I am not happy this morning
Mind you I am just heading for bed….
You were up all night then?
Slept for a little while
Not that much…
Still going
May wait until lunch for a siesta now
Utter unreal-garbage coming from the orifice of Tusk: ‘“It is true that the past years have been the most difficult ones in the history of our union, but I always remember what my father used to tell me ‘what doesn’t kill you makes you stronger’.”
What! Killing people (Greece)and creating intergenerational catastrophe (Spain/Greece/Latvia) makes people stronger? That’s pure Nazi ideology emanating from a neo-liberal mind set.
Staggering!
Your father was in fact quoting Neitzsche… disturbing in itself…
Did you see the BBC 4 programme on Neitzsche last night? Worth checking it out
Actually-Nietzsche meant it in a more personal, psychological way and was by no means a Nazi. he called anti-semitism ‘scabies of the heart’ and despised German nationalism.
His thoughts are much more nuanced than his image. He was a deeply humane and caring man and his misuse by the Nazis was appalling. He was a human who was honest enough to embody the contradictions in himself if we had politicians of the depth our society would be different.
Nietzsche’s mental health was poor but his vision of a materialist society that would turn life into what he called ‘a slow suicide’ has relevance today in our dumbed-down culture where intellectual and cultural life has given way the monetisation of everything.
I think he was ultimately wrong on certain issues especially the idea that ‘The Will to Power’ was a sort of bottom line for the human that could never be overcome and that the attempt to overcome it was itself another form of the ‘Will to Power.’
As a Christian Quaker, I would have to say that I live with the possibility that humans can and need to relate without power relationships but at least Nietzsche reminds us that this is a tall order!
The 17th Century Quaker, James Naylor sums up well a possibility of humans getting outside the framework of self-interest and power relationships:
“There is a spirit which I feel that delights to do no evil, nor to revenge any wrong, but delights to endure all things, in hope to enjoy its own in the end. Its hope is to outlive all wrath and contention, and to weary out all exaltation and cruelty, or whatever is of a nature contrary to itself. It sees to the end of all temptations. As it bears no evil in itself, so it conceives none in thoughts to any other.”

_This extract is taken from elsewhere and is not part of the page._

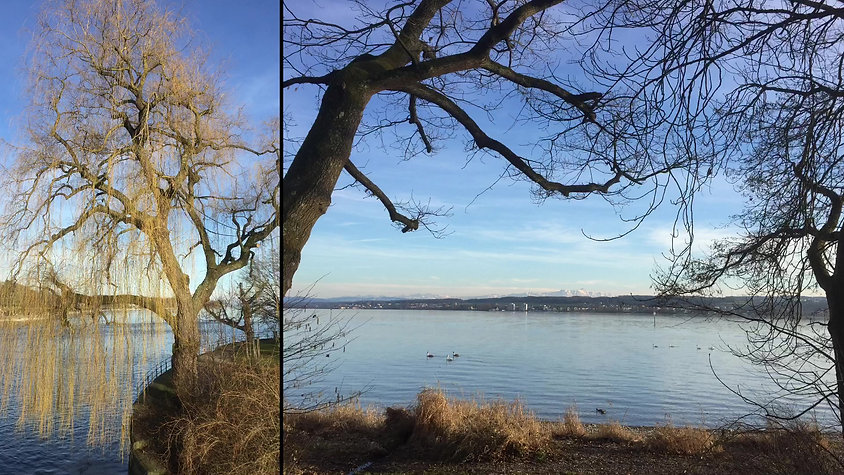 Out and About By Lake Constance (Bodensee)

Unadulterated ‘mouth farting’ from Cameron -more impoverished non-thinking from that bastard-flagging up his ‘achievements’ in welfare reform and reducing unemployment. He then flatters himself that his party brought the country from the brink! What!

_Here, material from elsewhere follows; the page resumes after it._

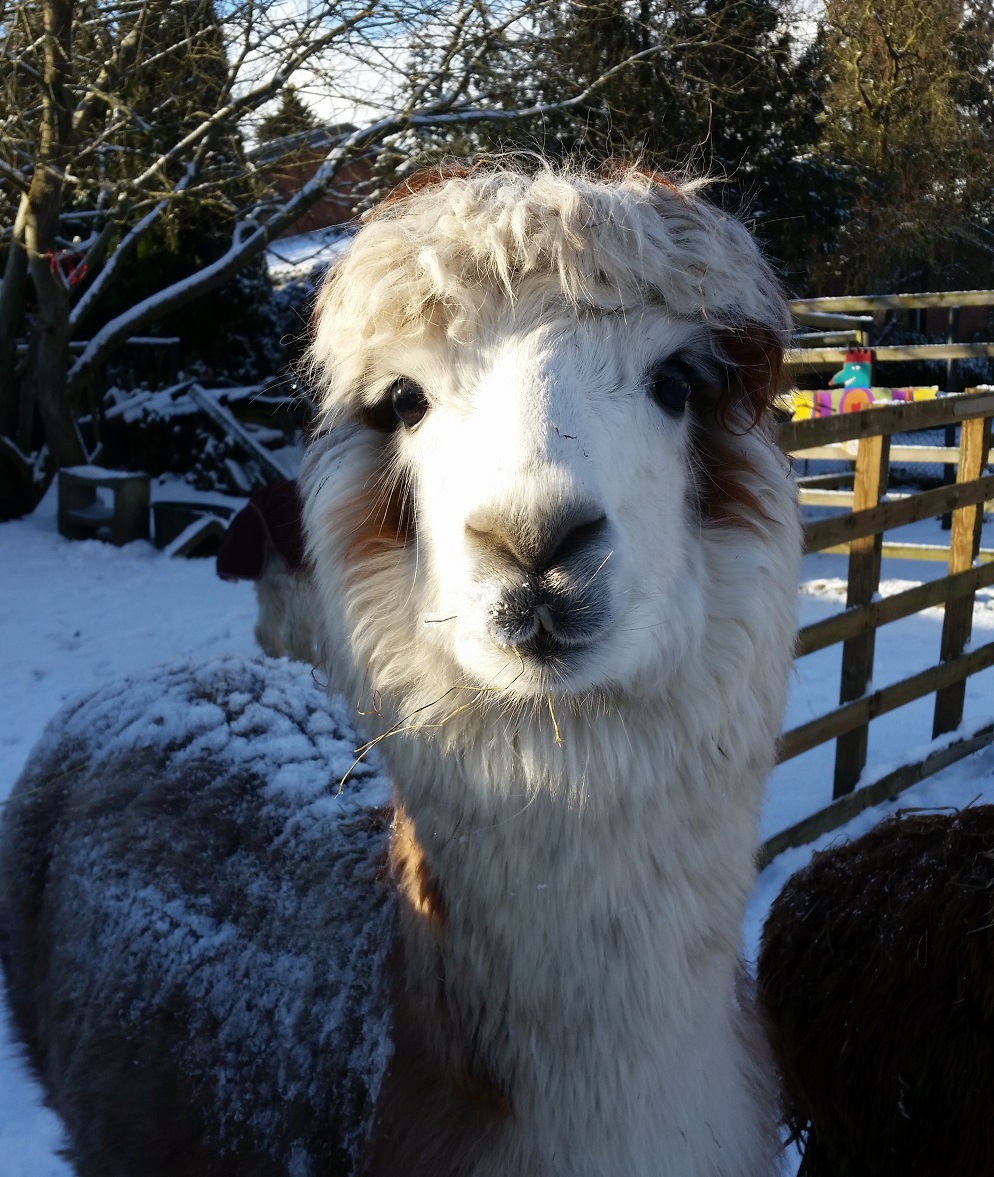 Schneealadin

Utter farce and illiteracy beyond credibility. Moronic in the extreme. I’m glad this gross amateur has gone but we only have intellectually deficient sub-reptilian shysters to replace him.
Worrying.
As I predicted, it’s happening
“An orchestrated move against Jeremy Corbyn appears to be underway as Labour’s shadow cabinet prepares to convene this morning. There are rumours of some of his MPs preparing to sign a motion of no confidence in him and some are calling for him to resign – anonymously at this stage.
The Labour leader has just appeared on the airwaves saying the main driver for the vote for Brexit was economic instability.”
Corbyn is right there-looks like Labour will let everyone down AGAIN!!!!!!
Funny that Mike Carney has already pledged an additional £250 billion for the banks – where is the extra funding for all the other areas in desperate need (NHS, housing, education, welfare). Priorities shown as usual.
Can I add the desperate state of social care (and the contrast with the far more sensible way the NHS deals with health) to you list of problems that need sorting out?